Sen. Majority Leader Tom Daschle (D-S.D.) called for an independent commission May 21 to investigate what the Bush administration knew about terrorist threats before Sept. 11 and why stronger measures were not taken to avert a possible attack.

“The time has come for us to do what they did after the invasion of Pearl Harbor, do what they did with the assassination of President Kennedy,” Daschle said, referring to Blue Ribbon commissions that probed those past disasters.

The White House is facing a torrent of demands that it release a CIA memo shown to George W. Bush last August warning of a plot by Osama bin Laden’s network to hijack jetliners in a dramatic terrorist attack. Bush received a briefing on the memo’s contents Aug. 6, yet did nothing to warn airline officials or step up airport security in the weeks leading up to the Sept. 11 terrorist attacks, in which 3,000 people died. There is growing anger that the White House kept the memo secret for eight months. It was leaked first by CBS.

In the months after Sept. 11, Bush, Vice President Dick Cheney and a host of other White House officials claimed repeatedly that the Sept. 11 attack was a bolt from the blue with “no specific warning.”

In addition to the CIA memo, FBI field offices in Phoenix and Minneapolis also sent warnings to FBI headquarters that an unusually high number of men of Middle Eastern background were enrolled in flight training schools and could pose a threat to U.S. civil aviation. The Phoenix memo apparently reported that these trainees voiced open hatred of the United States.

The administration has admitted that it has received many warnings that Al Qaeda was plotting a terrorist attack. All federal security agencies were placed on full alert last summer but were ordered to “stand down” a few weeks before Sept. 11. Airline and airport officials report that they received no warnings of the threat of hijackings.

House Minority Leader Richard Gephardt (D-Mo.) said a full investigation is needed. “We need to know what people knew and when they knew it and what they did about it,” he said.

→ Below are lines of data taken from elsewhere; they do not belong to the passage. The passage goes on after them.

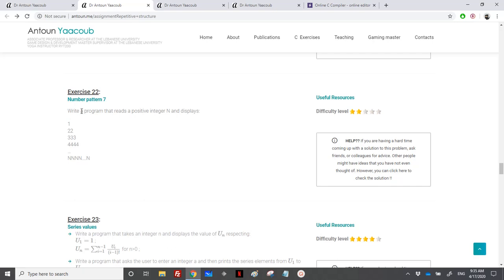Hello, so we have reached the exercise on number patterns. We need to read a positive integer n and draw these numbers.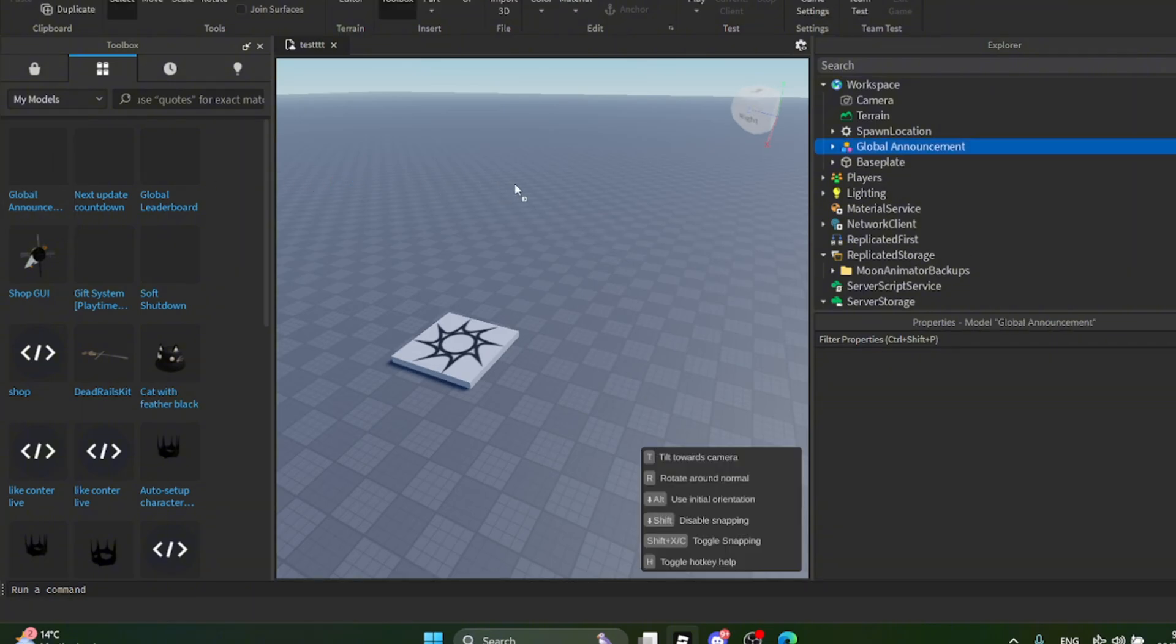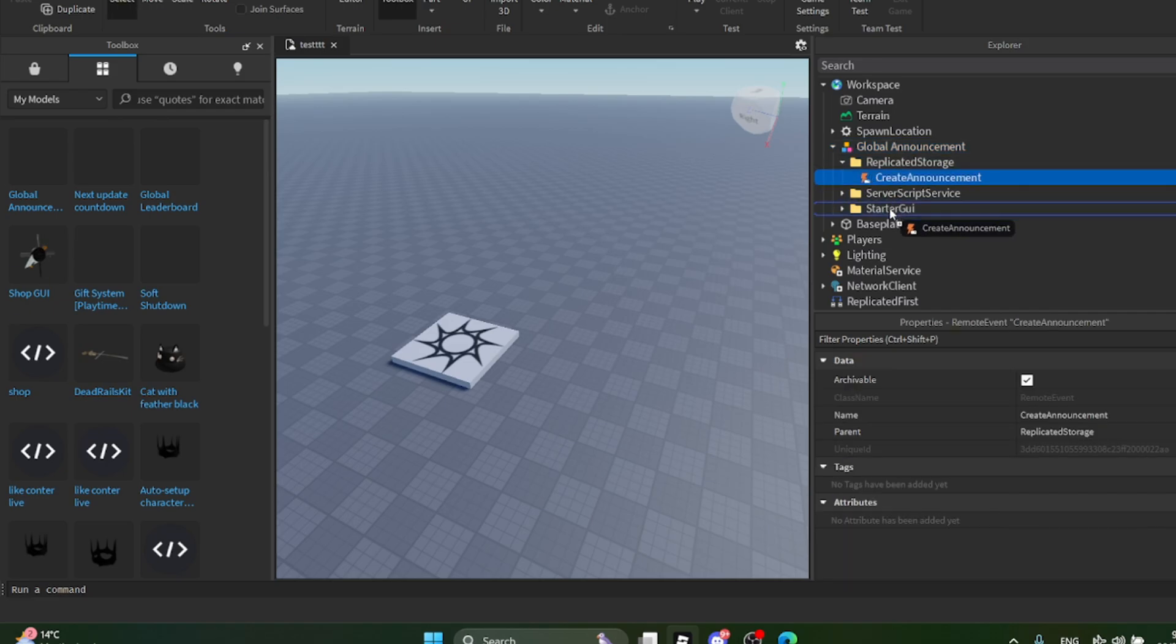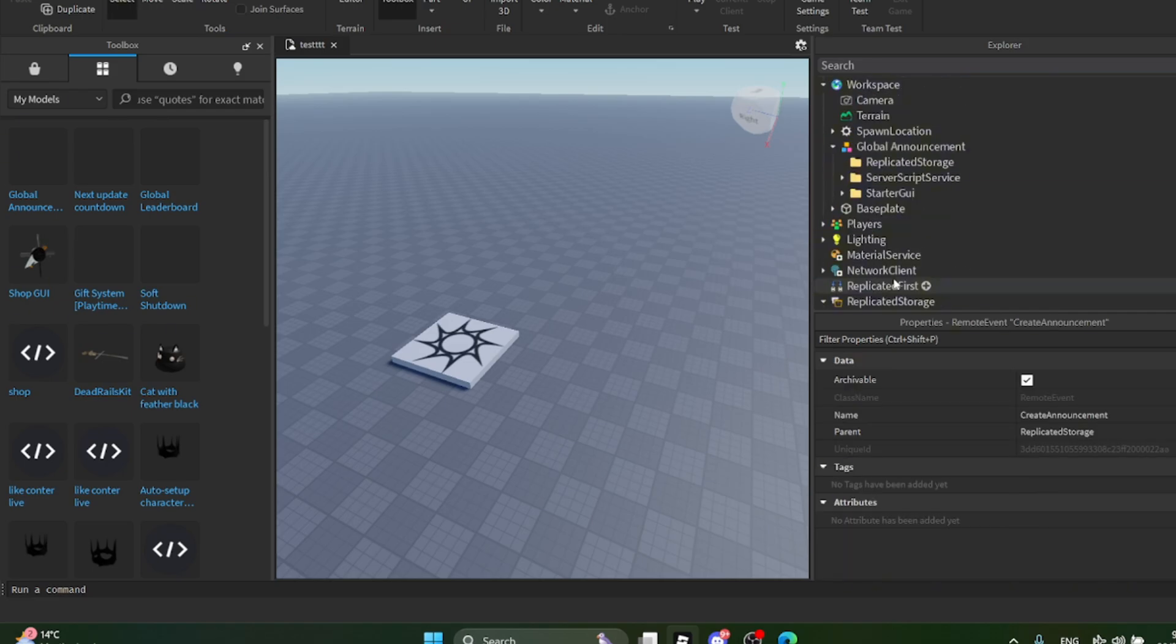Then drag the model into your game. Then put them in order, like I did in the video.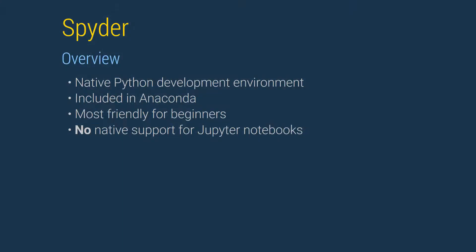Spyder is a data science focused development environment written in Python. It is free software and is included as part of Anaconda. Spyder's interface is similar to MATLAB or ArcCommander and is the most friendly choice for new users of Python, especially if they have some familiarity with these other languages.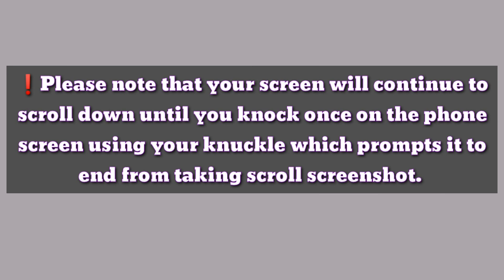Please note that your screen will continue to scroll down until you knock once on the phone screen using your knuckle, which prompts it to end from taking scroll screenshot.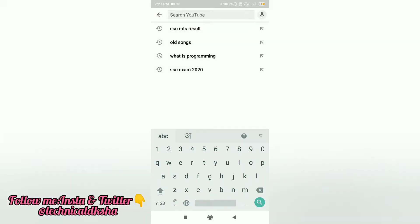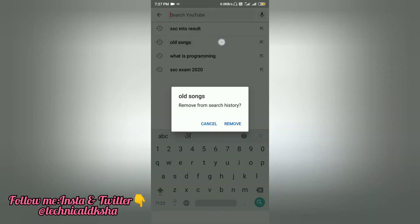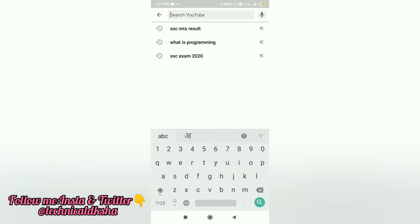Here I have some things I have searched for. You can also go to settings. Here I have to delete old songs — long press here, then remove from search history and delete.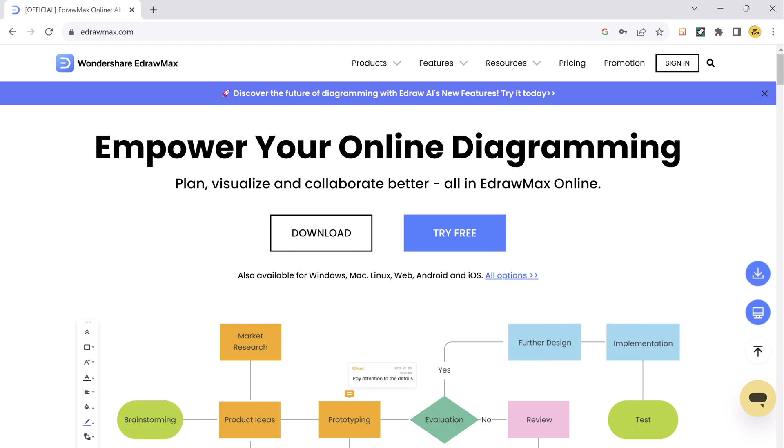To download EdrawMax, simply visit the website and click on the download button. The download link is also available in the video description. Once the download is complete, install EdrawMax on your computer.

“I am simply here today on the floor of this hallowed chamber to seek answers to questions,” declared Sen. Hillary Rodham Clinton (D-N.Y.), “questions being asked by my constituents … by our newspapers in New York, such as the one with the headline, ‘Bush Knew.’ The President knew what? My constituents would like to know the answers to those questions.”

These questions touched off a blind fury in the ranks of the GOP ultra-right. Sen. Mitch McConnell (R-Ky.), who connived in the impeachment of President Clinton in the Monica Lewinsky affair, accused the Democrats of “salivating to bring the president down.” Administration officials fanned out on Capitol Hill in an attempt to squelch the demands for a full probe. Cheney was the point man in rebuffing demands for release of the classified memos, claiming it would compromise national security.

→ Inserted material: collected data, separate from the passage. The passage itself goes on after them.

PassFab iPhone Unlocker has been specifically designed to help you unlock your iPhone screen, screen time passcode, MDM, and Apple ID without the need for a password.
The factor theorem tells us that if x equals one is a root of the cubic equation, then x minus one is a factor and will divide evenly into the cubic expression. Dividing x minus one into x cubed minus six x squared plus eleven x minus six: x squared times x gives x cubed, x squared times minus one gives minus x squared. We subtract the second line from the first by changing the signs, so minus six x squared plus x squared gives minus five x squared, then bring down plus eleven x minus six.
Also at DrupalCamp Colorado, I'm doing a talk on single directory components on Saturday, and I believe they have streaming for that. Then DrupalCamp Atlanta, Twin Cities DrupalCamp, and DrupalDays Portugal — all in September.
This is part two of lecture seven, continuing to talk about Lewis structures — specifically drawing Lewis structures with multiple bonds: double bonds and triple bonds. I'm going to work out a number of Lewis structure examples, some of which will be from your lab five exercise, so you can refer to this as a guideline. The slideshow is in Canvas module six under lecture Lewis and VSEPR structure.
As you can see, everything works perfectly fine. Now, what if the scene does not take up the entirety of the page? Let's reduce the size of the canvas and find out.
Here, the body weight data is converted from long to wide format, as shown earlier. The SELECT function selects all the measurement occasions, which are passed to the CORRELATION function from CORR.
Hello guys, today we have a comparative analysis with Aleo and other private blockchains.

Rep. Cynthia McKinney (D-Ga.) pointed out that many weeks ago she called for congressional hearings into what warnings the Bush administration received before the Sept. 11 attacks. “I was derided by the White House, right-wing talk radio and spokespersons for the military-industrial complex as a conspiracy theorist,” said McKinney, a member of the Congressional Black Caucus. “Even my patriotism was questioned because I dared to suggest that Congress should conduct a full and complete investigation into the most disastrous intelligence failure in American history.”

The revelations that the administration and Bush “were given months of notice that a terrorist attack was a distinct possibility point out the need for a complete congressional investigation,” Mc Kinney said. “It now becomes clear why the Bush administration has been vigorously opposing congressional hearings. The Bush administration has been engaged in a conspiracy of silence.”

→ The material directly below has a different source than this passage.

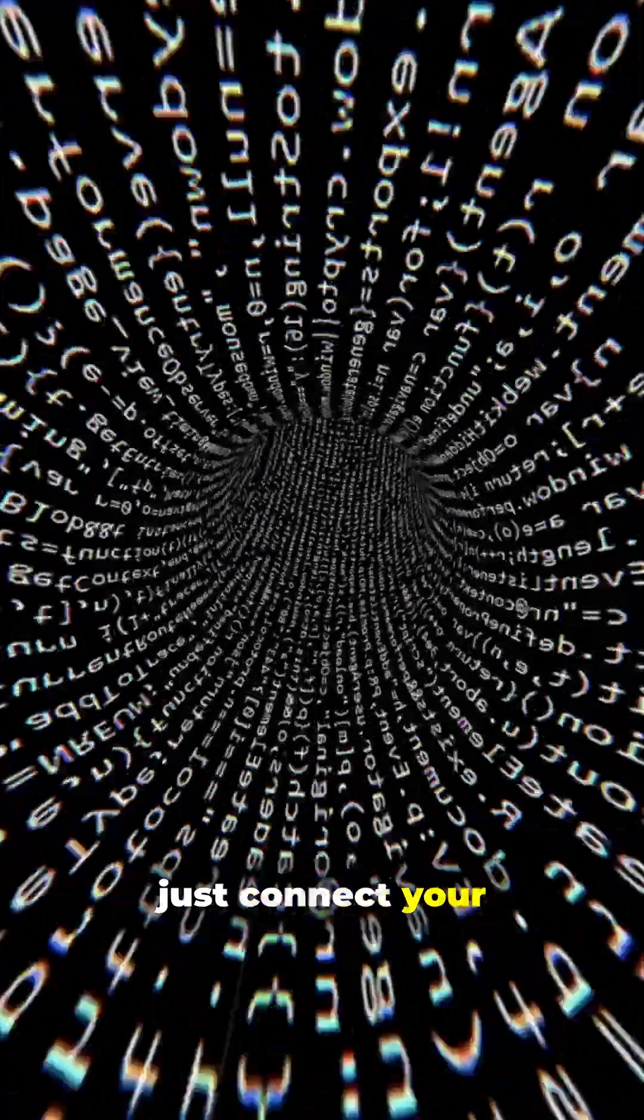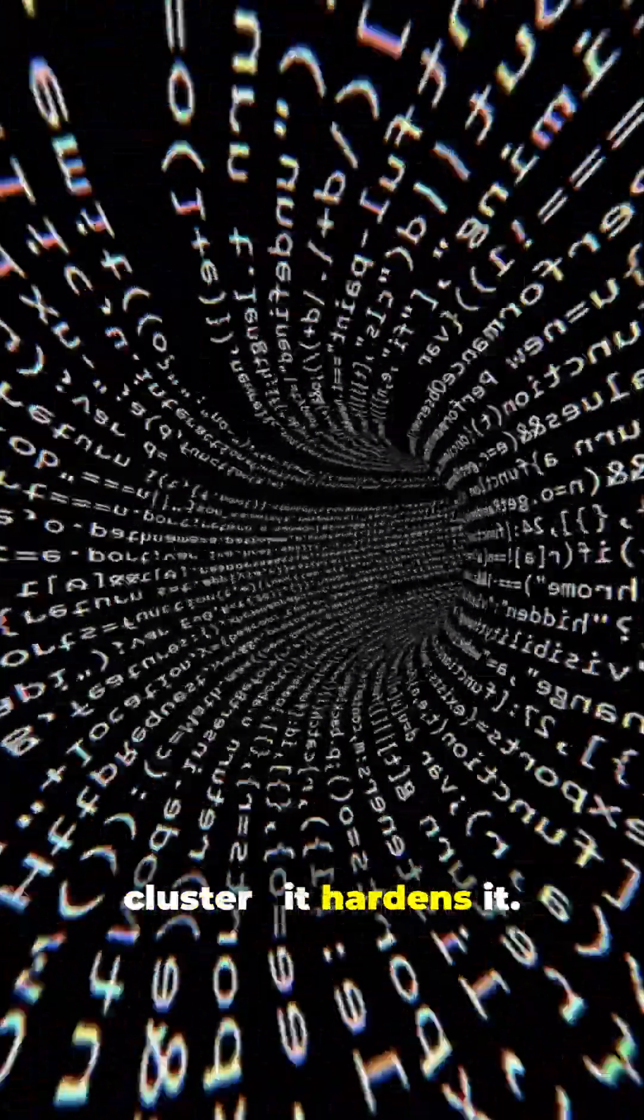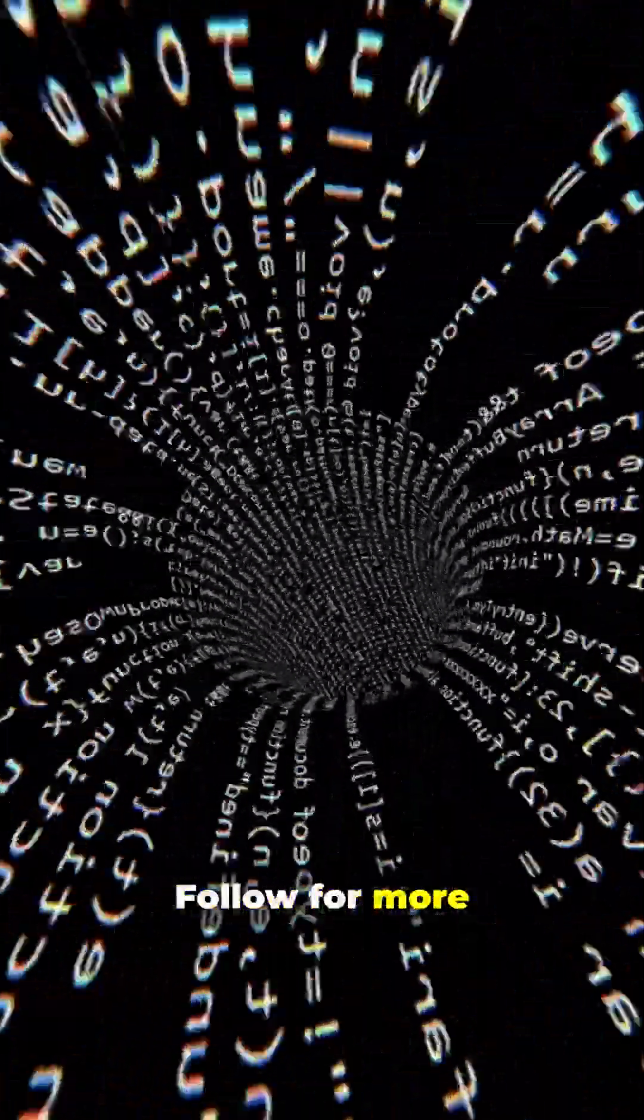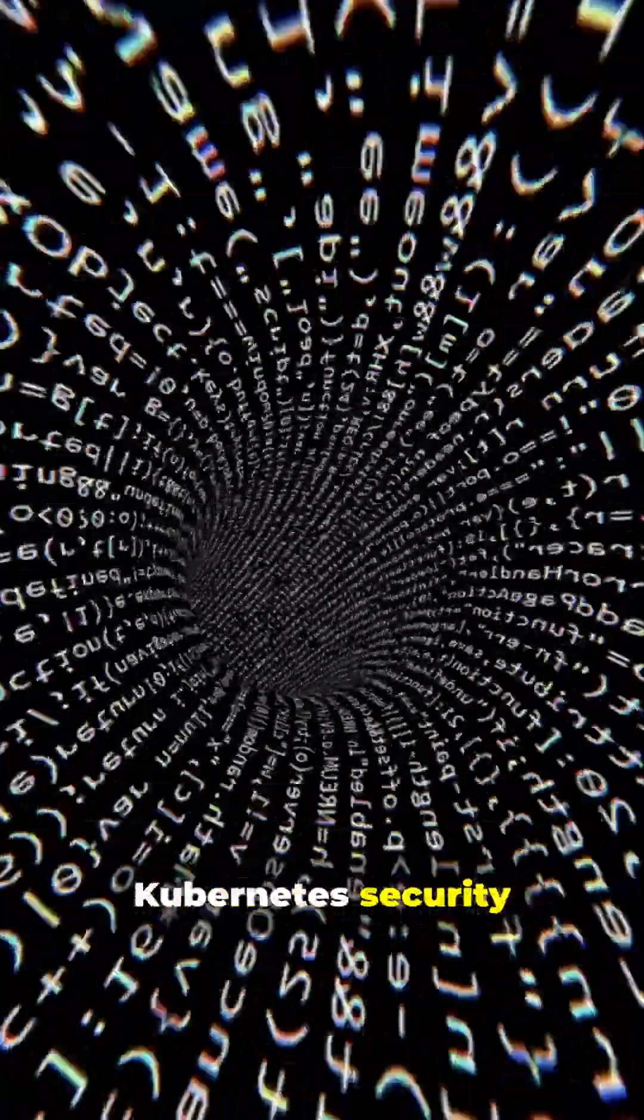So Cilium doesn't just connect your cluster, it hardens it. Follow for more Kubernetes security in under a minute.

Rep. John Conyers (D-Mich.) and four other members of the House Juiciary Committee wrote to Judiciary Committee Chair James Sensenbrenner, Jr. (R-Wisc.), urging full committee hearings, open to the public.

“The questions about what was known prior to Sept. 11 continue to grow and multiply each day,” their letter said. “We cannot leave an investigation of this matter to a behind-closed-doors review by the intelligence community and intelligence committees. Our concerns are not ones of public relations or politics but of substance and a commitment to ensuring that similar errors are prevented in the future.”

Among the questions, Conyers and the others wrote, is “why the administration waited eight months to disclose to the American people the information it had prior to Sept. 11 on possible terrorist attacks.”